Requirement
Copy exactly the lines from the line holding "Ruby White Chanbali" through the end of the material, and no others; pictures stay out.

Dataset content
..............................

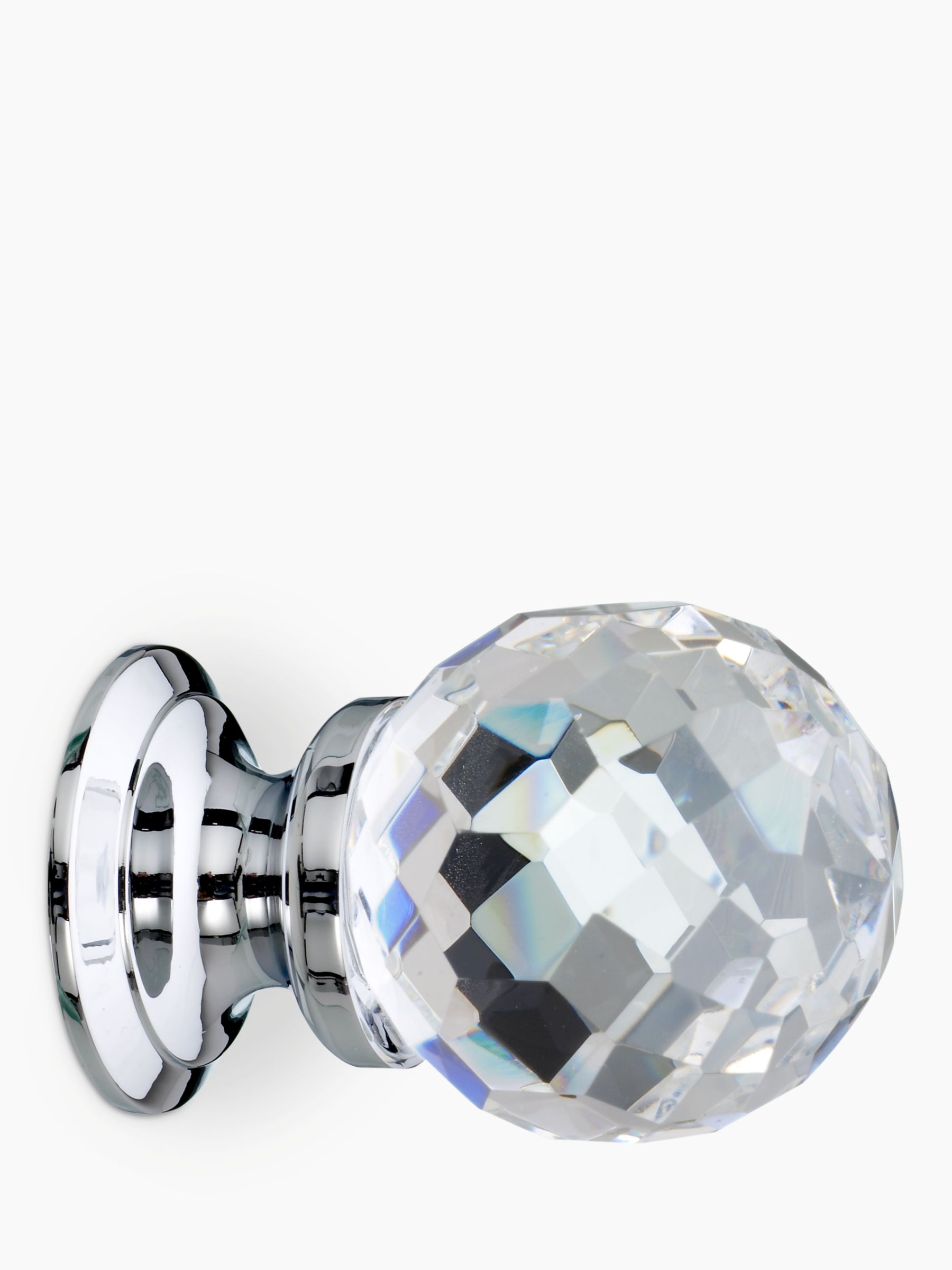 John Lewis Crystal Cupboard Knob, Chrome, 30mm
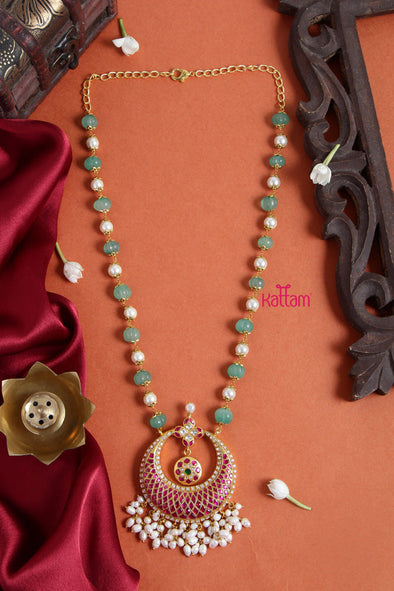 Ruby White Chanbali Kundan Jadau Handcrafted Chain (No Earrings)
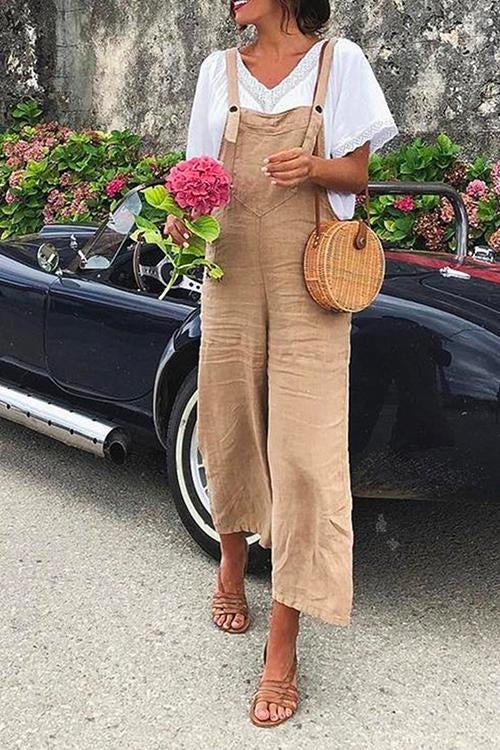 GR | Rosiedress Straight Leg Cotton Linen Holiday Overalls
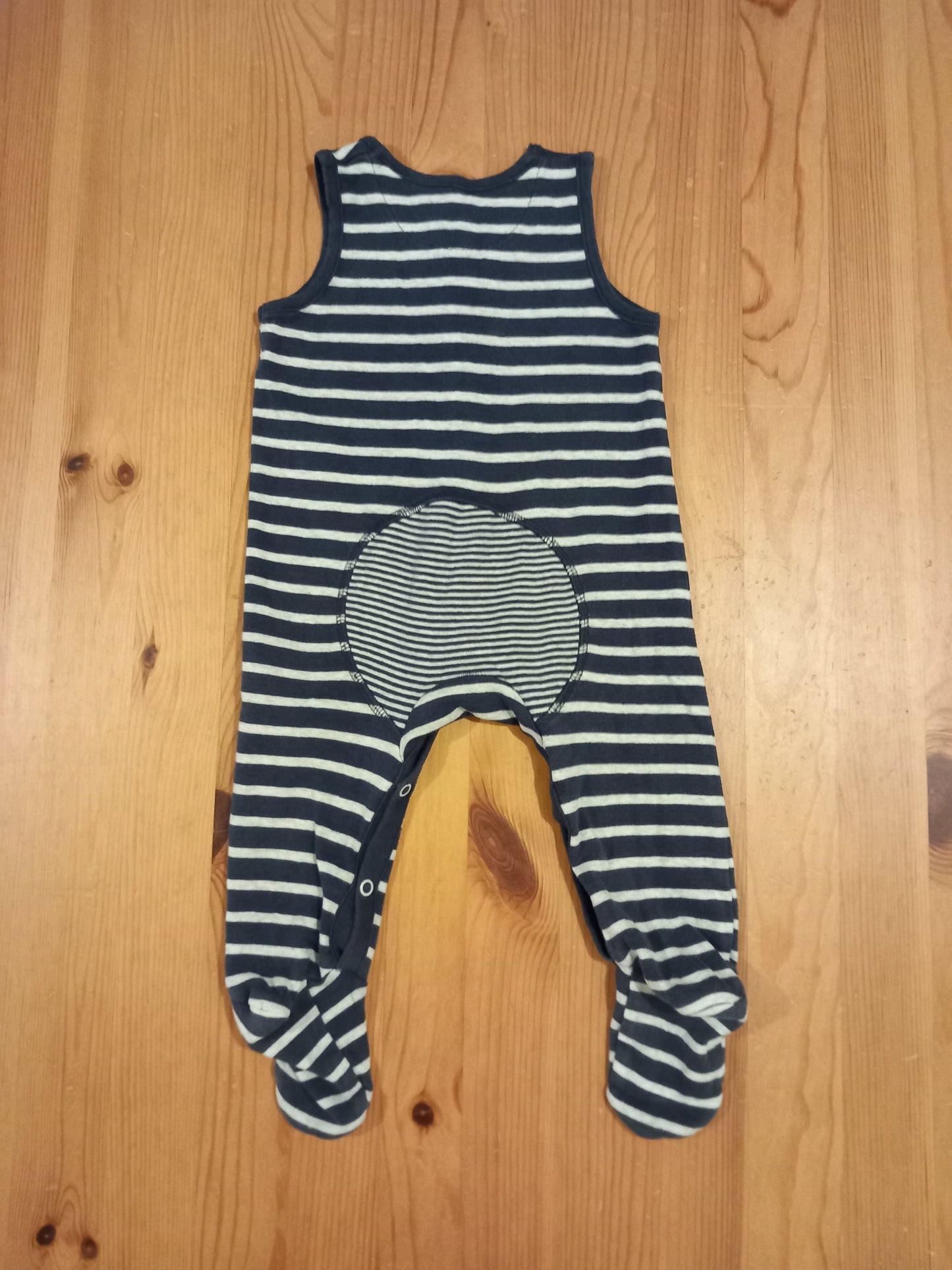 Striped Sleeveless Romper With Covered Feet - Boys 6-9 months - Mothercare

..............................

Result of this exercise
 Ruby White Chanbali Kundan Jadau Handcrafted Chain (No Earrings)
 GR | Rosiedress Straight Leg Cotton Linen Holiday Overalls
 Striped Sleeveless Romper With Covered Feet - Boys 6-9 months - Mothercare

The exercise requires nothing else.